Bolotova E V, Yavlyanskaya V V, Dudnikova A V
Kuban State Medical University, 4 Sedina str., Krasnodar 350063, Russian Federation.
Regional Clinical Hospital № 2, 6/2 Krasnyh partizan str., Krasnodar 350012, Russian Federation; e-mail:
Adv Gerontol. 2019;32(1-2):102-107.
The goal of study was to find factors associated with vitamin D levels in patients with chronic obstructive pulmonary disease (COPD) and early stages of kidney dysfunction. The study included 338 patients with 1-2 COPD stages (66,9% of men, mean age was 69,4±6,1 years, mean COPD duration was 18,5±4,1 years); 33,1% of women (mean age 64,8±7,3 years, mean COPD duration was 12,1±5,1 years). All patients were diagnosed with 1-2 stages of chronic kidney disease (CKD).

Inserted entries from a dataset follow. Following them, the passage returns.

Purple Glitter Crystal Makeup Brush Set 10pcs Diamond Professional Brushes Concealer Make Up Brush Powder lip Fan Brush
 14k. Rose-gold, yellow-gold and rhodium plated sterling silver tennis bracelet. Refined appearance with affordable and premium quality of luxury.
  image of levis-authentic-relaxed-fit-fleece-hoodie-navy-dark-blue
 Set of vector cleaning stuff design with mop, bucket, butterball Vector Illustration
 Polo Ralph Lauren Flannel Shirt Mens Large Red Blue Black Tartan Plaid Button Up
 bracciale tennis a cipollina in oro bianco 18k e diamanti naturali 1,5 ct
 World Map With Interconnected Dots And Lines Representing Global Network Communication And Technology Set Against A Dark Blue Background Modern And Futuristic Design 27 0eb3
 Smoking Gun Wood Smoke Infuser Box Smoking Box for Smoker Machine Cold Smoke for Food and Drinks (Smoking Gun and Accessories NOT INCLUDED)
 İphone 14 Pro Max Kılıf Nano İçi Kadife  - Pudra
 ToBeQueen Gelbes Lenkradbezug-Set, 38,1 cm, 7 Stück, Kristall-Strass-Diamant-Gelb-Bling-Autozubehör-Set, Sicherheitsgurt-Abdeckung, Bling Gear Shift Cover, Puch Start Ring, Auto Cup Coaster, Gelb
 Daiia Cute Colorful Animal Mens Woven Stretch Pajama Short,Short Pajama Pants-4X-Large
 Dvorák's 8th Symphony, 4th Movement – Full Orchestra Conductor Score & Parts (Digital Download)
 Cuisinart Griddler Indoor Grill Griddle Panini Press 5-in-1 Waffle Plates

In addition to general clinical examination, potential risk factors for vitamin D deficiency were assessed. During multiple regression with step-by-step inclusion method the following factors showed a significant contribution to the formation of vitamin D levels in patients with COPD and early stages of renal dysfunction: the frequency of exacerbations of COPD in the preceding 12 months (3 (2-4), β=0,932, p=0,003), SI (44 (15-87), β=0,038, p=0,006), fibrinogen level (5 (3-7), β=0,413, p=0,016), GFR (74,9 (68,4-89), β=0,119, p=0,041), insolation (94,5 (38,5-152), β=0,026, p=0,0008),the total score on a GDS scale (9 (8-11), β=0,536, p=0,014). R2 for this model was 0,87. BMI made a significant contribution to the formation of vitamin D level at the step of inclusion to the multivariate analysis, but when included in the analysis of insolation markers, the relationship weakened and completely disappeared when the values of SI were included. FEV1 values do not affect on vitamin D level in COPD patients in combination with early stages of kidney dysfunction.